# Stocking 10 Gallon



## Philip.Chan.92 (Apr 25, 2010)

I am getting a 10 Gallon Tall tank for free and I was wondering what I can stock in it. It will be sand substrate and planted. I want a male betta in there for sure. What else can I keep in there? Tropical fish tank and I want peaceful colorful fish that are compatible with the betta. Any suggestions?


----------



## carmenh (Dec 20, 2009)

Just putting a male and female betta together will most likely not work out. In order for them to breed, she must be old enough, conditioned and ready. If you put her in before that, he will most likely kill her :-(


----------



## AquariAM (Jan 28, 2010)

You can't keep a pair together long term period.


----------



## Philip.Chan.92 (Apr 25, 2010)

alright then, What can I keep with a male betta then?


----------



## carmenh (Dec 20, 2009)

I would stick to a bottom feeder, like a cory or 3. The problem is that any fish with a tendency towards fin-nipping will find their long flowing fins irresistible, and will make their lives hell. A happy betta has a fantastic personality and can fill a 10g quite well on his own


----------



## Jung (Mar 17, 2009)

Not really colourful but a school of 10+ Corydoras hastatus are really fun, they actually school tightly in an aquarium


----------



## Philip.Chan.92 (Apr 25, 2010)

Planning to make a shrimp tank. My betta will do some population control. Thanks for all the input guys


----------



## Jsu (Dec 4, 2009)

If your tank is fully planted then try some shrimps. My gf had a 10 gal with a betta and at least a hundred cherry shrimps and a few CRS, along with some oto cats. the shrimplets will be ok if you have java moss ties to a rock. They love hiding there.


----------



## Philip.Chan.92 (Apr 25, 2010)

So here's the plan. 10 Gallon Tall (pretty sure it's tall) Planted tank with 3 corys, a dozen or so cherry shrimp and a male betta. I want my betta to have the whole mid and top level to himself, more of a display tank than a community tank, just some corys for bottom-mid activity and cherry shrimps to entertain my betta when it gets hungry, population control, and because most tanks don't have them with fish. Can they still breed well in these conditions? I will be getting moss and such for shrimps and babies.


----------



## AquariAM (Jan 28, 2010)

carmenh said:


> I would stick to a bottom feeder, like a cory or 3. The problem is that any fish with a tendency towards fin-nipping will find their long flowing fins irresistible, and will make their lives hell. A happy betta has a fantastic personality and can fill a 10g quite well on his own


Corydoras live in schools of hundreds sometimes thousands. Keeping them alone or even in a trio is cruel. Minimum should be seven. Even that is a bit small IMO. Having kept them in sevens tens and fourteens I can say without a doubt that they are happier in larger and larger groups. When I had 14 they would always be out in the open swimming as a single fish. One fish becomes the clear 'leader'. It's all very funny to watch.


----------



## Philip.Chan.92 (Apr 25, 2010)

Ill get some more then. Different cors together? I have 2 peppered and 1 bronze, i want to get total of like 3 peppered, 2 albino and 2 bronze. Will they still school?


----------



## AquariAM (Jan 28, 2010)

Philip.Chan.92 said:


> Ill get some more then. Different cors together? I have 2 peppered and 1 bronze, i want to get total of like 3 peppered, 2 albino and 2 bronze. Will they still school?

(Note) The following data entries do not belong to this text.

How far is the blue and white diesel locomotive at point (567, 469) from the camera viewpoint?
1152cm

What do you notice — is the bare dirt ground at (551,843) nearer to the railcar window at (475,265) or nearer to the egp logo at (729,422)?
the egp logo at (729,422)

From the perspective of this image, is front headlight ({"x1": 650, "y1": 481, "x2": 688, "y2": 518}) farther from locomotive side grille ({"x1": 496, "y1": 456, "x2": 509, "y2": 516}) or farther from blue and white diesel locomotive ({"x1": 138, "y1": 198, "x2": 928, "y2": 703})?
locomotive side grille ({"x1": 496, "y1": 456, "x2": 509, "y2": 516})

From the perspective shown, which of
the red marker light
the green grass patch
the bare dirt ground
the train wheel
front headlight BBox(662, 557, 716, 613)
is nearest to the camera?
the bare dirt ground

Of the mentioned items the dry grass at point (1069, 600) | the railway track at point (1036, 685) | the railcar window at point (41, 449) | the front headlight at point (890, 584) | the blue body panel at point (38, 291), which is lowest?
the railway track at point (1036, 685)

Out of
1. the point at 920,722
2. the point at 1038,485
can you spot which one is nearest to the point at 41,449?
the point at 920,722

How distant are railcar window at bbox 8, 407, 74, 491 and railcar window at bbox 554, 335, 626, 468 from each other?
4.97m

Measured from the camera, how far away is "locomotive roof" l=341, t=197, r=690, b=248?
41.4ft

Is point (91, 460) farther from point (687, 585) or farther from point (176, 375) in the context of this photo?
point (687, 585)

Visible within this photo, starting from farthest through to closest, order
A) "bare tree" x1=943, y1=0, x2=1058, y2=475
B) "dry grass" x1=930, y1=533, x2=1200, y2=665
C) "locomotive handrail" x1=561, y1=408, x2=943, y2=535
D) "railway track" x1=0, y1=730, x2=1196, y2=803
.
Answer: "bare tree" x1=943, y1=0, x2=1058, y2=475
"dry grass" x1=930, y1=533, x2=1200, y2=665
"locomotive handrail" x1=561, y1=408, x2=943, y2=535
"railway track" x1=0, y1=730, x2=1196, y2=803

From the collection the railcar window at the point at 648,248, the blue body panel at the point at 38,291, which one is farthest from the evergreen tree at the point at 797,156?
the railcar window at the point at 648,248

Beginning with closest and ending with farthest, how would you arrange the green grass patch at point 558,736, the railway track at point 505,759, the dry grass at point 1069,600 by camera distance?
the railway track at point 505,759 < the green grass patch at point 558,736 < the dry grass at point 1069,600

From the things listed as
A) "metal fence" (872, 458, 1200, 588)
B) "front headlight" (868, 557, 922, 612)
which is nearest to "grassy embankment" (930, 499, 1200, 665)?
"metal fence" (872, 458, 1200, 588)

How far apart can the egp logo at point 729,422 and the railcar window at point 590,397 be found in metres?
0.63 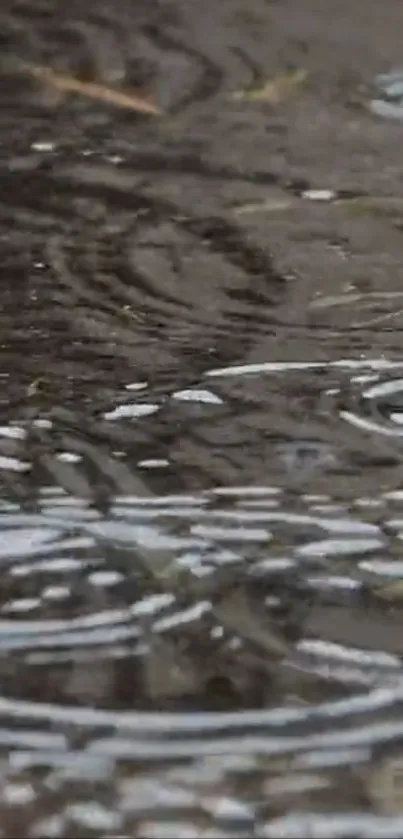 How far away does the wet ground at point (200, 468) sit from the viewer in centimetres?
37

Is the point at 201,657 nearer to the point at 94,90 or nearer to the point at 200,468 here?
the point at 200,468

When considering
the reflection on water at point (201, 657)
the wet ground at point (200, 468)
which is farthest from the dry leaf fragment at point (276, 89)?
the reflection on water at point (201, 657)

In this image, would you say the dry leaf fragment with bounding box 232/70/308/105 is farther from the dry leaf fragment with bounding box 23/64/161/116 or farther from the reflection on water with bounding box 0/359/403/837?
the reflection on water with bounding box 0/359/403/837

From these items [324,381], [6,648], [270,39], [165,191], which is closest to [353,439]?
[324,381]

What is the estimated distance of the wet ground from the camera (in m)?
0.37

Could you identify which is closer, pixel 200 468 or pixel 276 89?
pixel 200 468

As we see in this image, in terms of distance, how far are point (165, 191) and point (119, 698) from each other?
461 millimetres

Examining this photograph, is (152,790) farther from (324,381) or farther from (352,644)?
(324,381)

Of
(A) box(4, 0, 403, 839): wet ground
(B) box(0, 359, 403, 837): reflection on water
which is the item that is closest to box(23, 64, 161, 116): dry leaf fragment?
(A) box(4, 0, 403, 839): wet ground

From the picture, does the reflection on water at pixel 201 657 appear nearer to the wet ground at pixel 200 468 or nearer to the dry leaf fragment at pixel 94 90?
the wet ground at pixel 200 468

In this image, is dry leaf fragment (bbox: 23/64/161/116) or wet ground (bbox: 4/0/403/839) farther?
dry leaf fragment (bbox: 23/64/161/116)

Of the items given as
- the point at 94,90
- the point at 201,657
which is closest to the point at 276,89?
the point at 94,90

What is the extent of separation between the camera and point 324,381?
1.89ft

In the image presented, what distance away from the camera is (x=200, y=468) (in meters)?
0.51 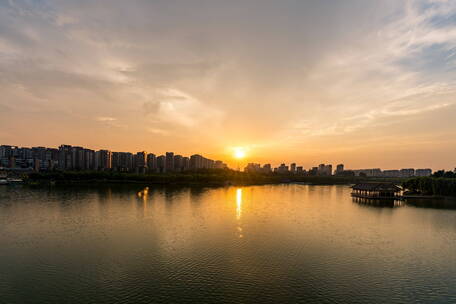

 Much better off sticking to a single species. You could probably get albino and bronze to school given that albino is just an albino bronze so they should recognize eachother. Different species will hang out together but they aren't as happy. I honestly don't think 10 gallons is enough for these though. I'd go with a pygmy cory group instead.


----------



## Philip.Chan.92 (Apr 25, 2010)

Most likely gonna go pure cherry shrimps and single male betta in my 10 gal. For my 25 gal, might get some more cories since they don't take up much space and my other species are tight schoolers, this is one of those 1 inch/gallon exceptions where that rule does not apply. Also Flower Shrimp is another possibility for my 25 gal since they are relatively low maintenance from what I hear. I want some sort of shrimp/cray in my tank but most crays will try to eat my barbs


----------



## KhuliLoachFan (Mar 8, 2008)

I think a 10 GAL would be a great place for a bunch of white clouds, with some plants. They are (as others have recently said) fantastic fish. If you went with the shrimp, I'd do shrimp and plants and NO fish.  The shrimpy babies will do better. I think the tradition of keeping bettas by themselves (no shrimp or other livestock) is there for a good reason.

W


----------



## Philip.Chan.92 (Apr 25, 2010)

I just want enough shrimps to keep the population stable so enough survivors to replace the aging ones. I don't want it to grow into a population of 100 or something.


----------



## AquariAM (Jan 28, 2010)

Philip.Chan.92 said:


> I just want enough shrimps to keep the population stable so enough survivors to replace the aging ones. I don't want it to grow into a population of 100 or something.


In that case I would combine your idea with KLF and go with maybe 9 Gold White Clouds and 20 cherry shrimp. That'd be a nice tank to watch. Throw in some nice rounded rocks with java moss growing on them or something.


----------